Larangan Menteri Temui DPR Kontraproduktif

  Sejumlah anggota DPR menunjukkan tandatangan dukungan hak interpelasi terkait kebijakan kenaikan harga BBM di Ruang Fraksi Partai Golkar, Kompleks Parlemen Senayan, Jakarta, Senin (24/11).(Republika/Agung Supriyanto)
Sejumlah anggota DPR menunjukkan tandatangan dukungan hak interpelasi terkait kebijakan kenaikan harga BBM di Ruang Fraksi Partai Golkar, Kompleks Parlemen Senayan, Jakarta, Senin (24/11).(Republika/Agung Supriyanto)

REPUBLIKA.CO.ID, SEMARANG -- Analis politik Universitas Diponegoro Semarang Budi Setiyono menilai larangan jajaran kabinet untuk mengikuti rapat dengan DPR justru kontraproduktif.

"Larangan yang ditandai dengan surat edaran (SE) itu menghambat sistem ketatanegaraan yang mengharuskan adanya 'check and balance' dari legislatif kepada eksekutif," katanya di Semarang, Kamis (27/11).

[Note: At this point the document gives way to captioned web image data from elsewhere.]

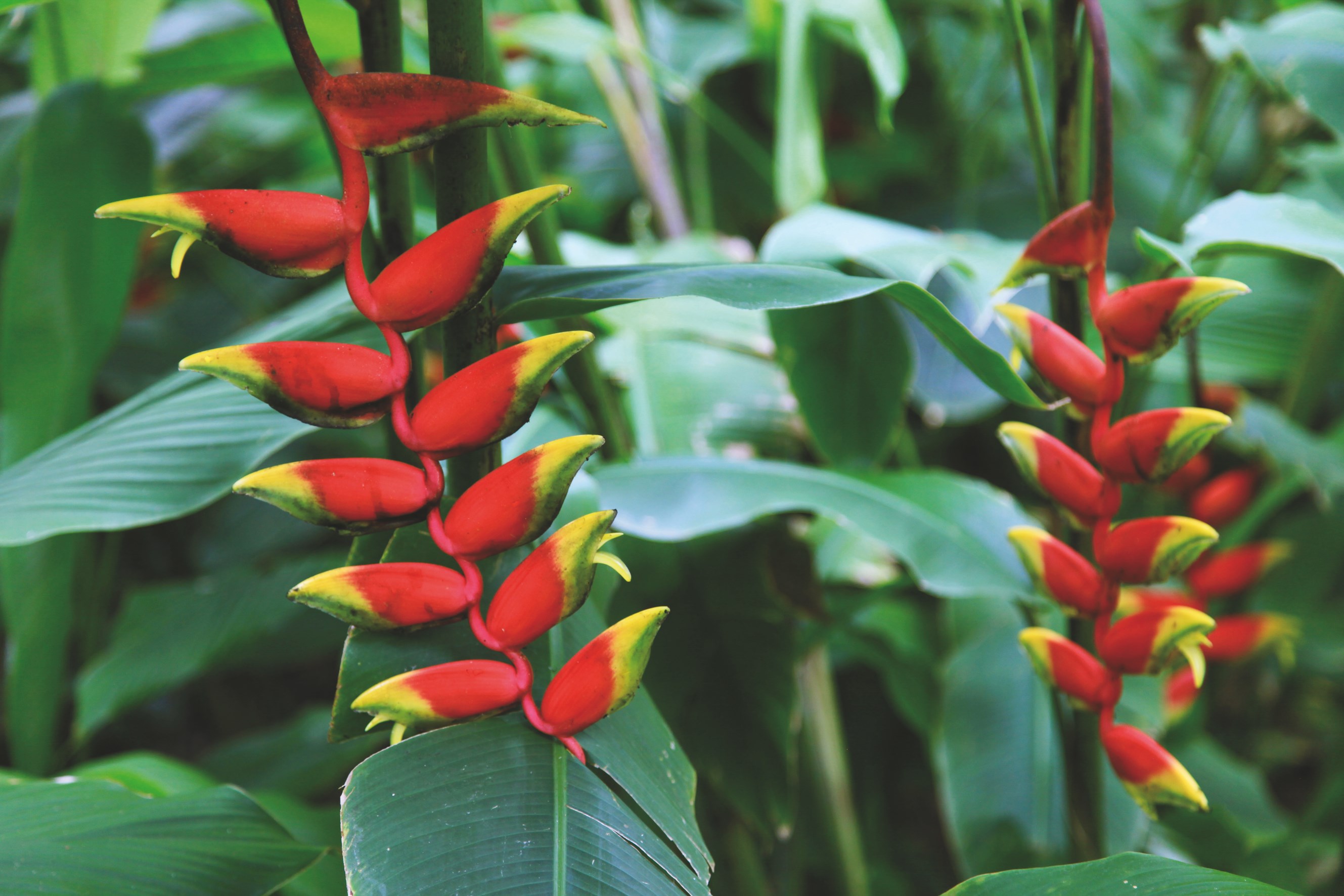 La Réunion Romantique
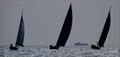 Manly Combined Clubs Race 8 © Mitchell Pearson / SurfSailKite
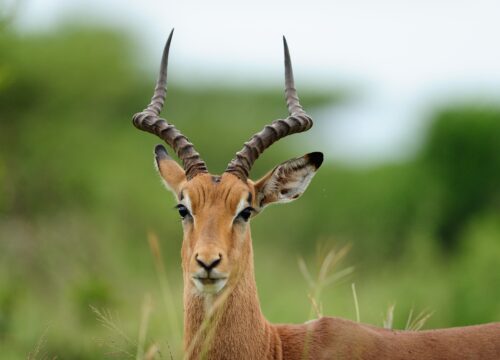 Gazelle vs. Antelope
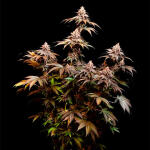 lemon-cherry-runtz-fem-fastbuds.jpg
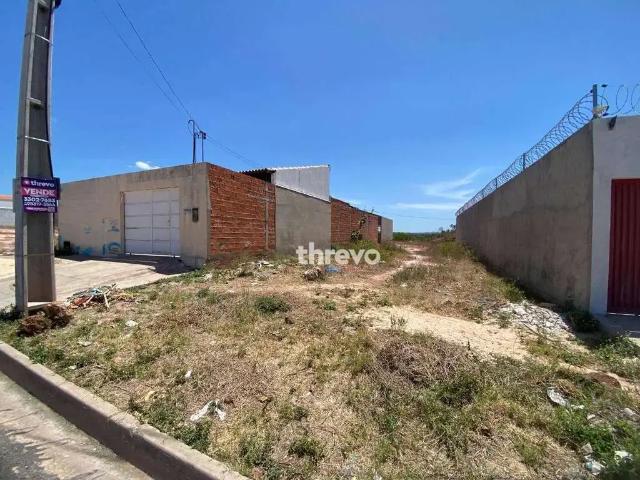 Terreno venda em Mocambinho, Simplício Mendes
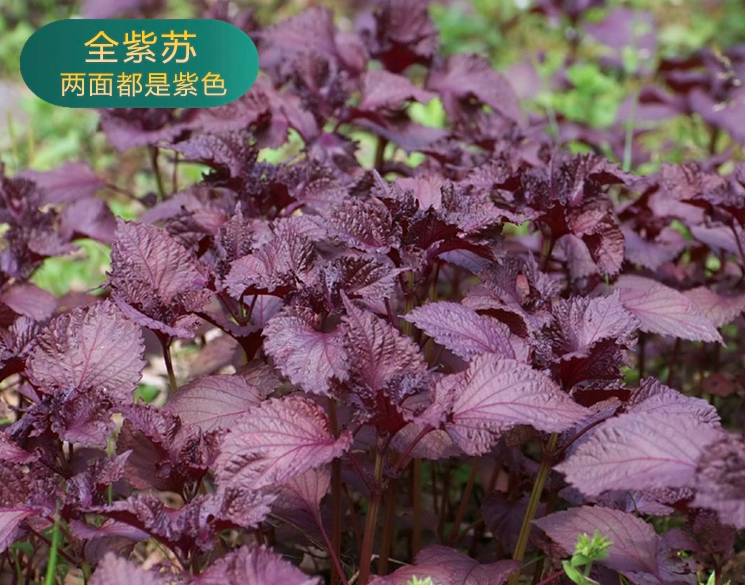 Perilla frutescens Seeds | Beefsteak Plant | Zi Su | 300pcs/bag-Pure Chinese Herb™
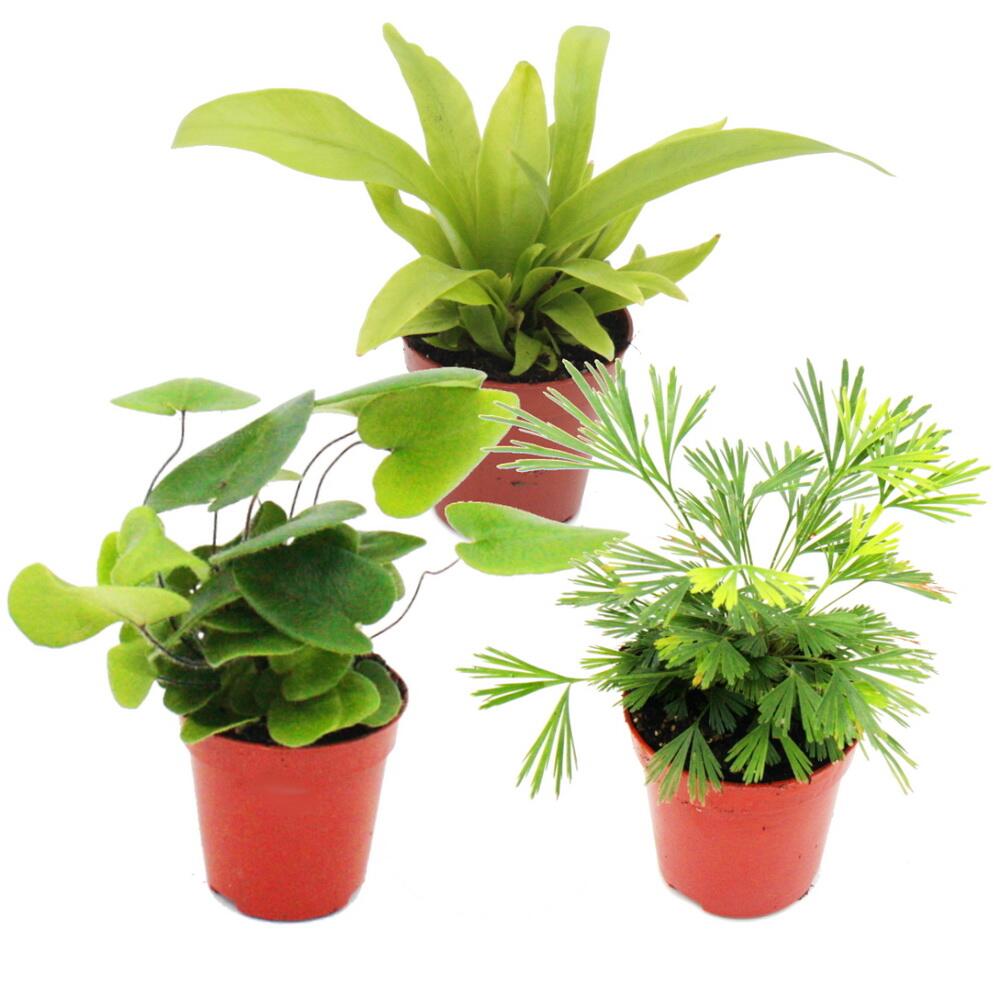 gummibaum lateinischer name Tineke-Gummibaum - Ficus elastica Tineke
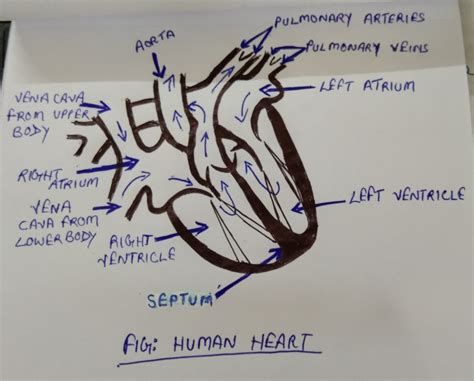 Heart Diagram Labeled Drawing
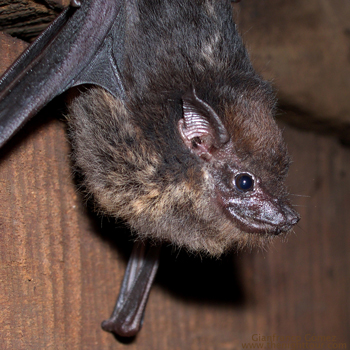 Greater White-lined Bat - Saccopteryx bilineata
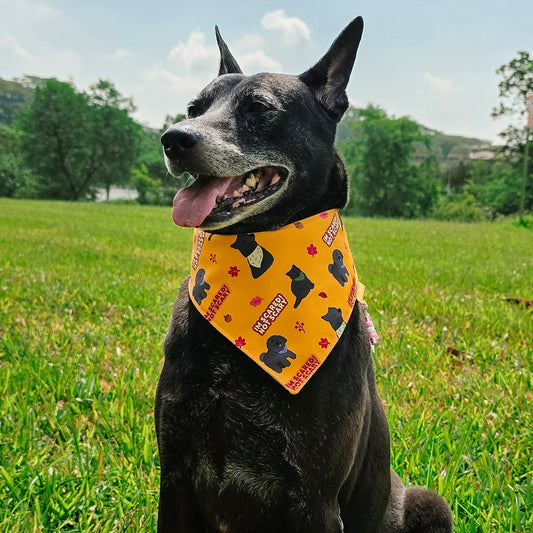 Im Scared Not Scary Reversible Bandana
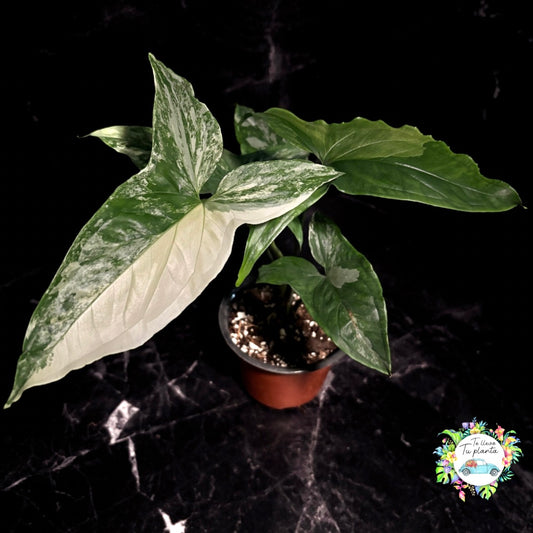 Syngonium Albo Varigada "6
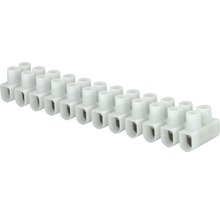 Lusterklemmenblok voor elektrische verbinding van leidingen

Budi yang juga penasihat politik tokoh oposisi Myanmar Aung San Suu Kyi itu menjelaskan langkah pengawasan dan konsultasi antara kedua lembaga tinggi negara tersebut harus terus berjalan.

Terlepas dari permasalahan yang masih terjadi di DPR, kata dia, tidak semestinya pemerintah menolak langkah DPR dalam menjalankan mekanisme mengontrol pemerintahan yang menjadi kewenangan DPR.

"Kalaupun masih ada permasalahan di DPR, biarlah itu menjadi masalah internal DPR. Namun, DPR sebagai institusi tetap menjalankan aturan yang secara 'de facto' dan 'de jure' sudah disahkan," katanya.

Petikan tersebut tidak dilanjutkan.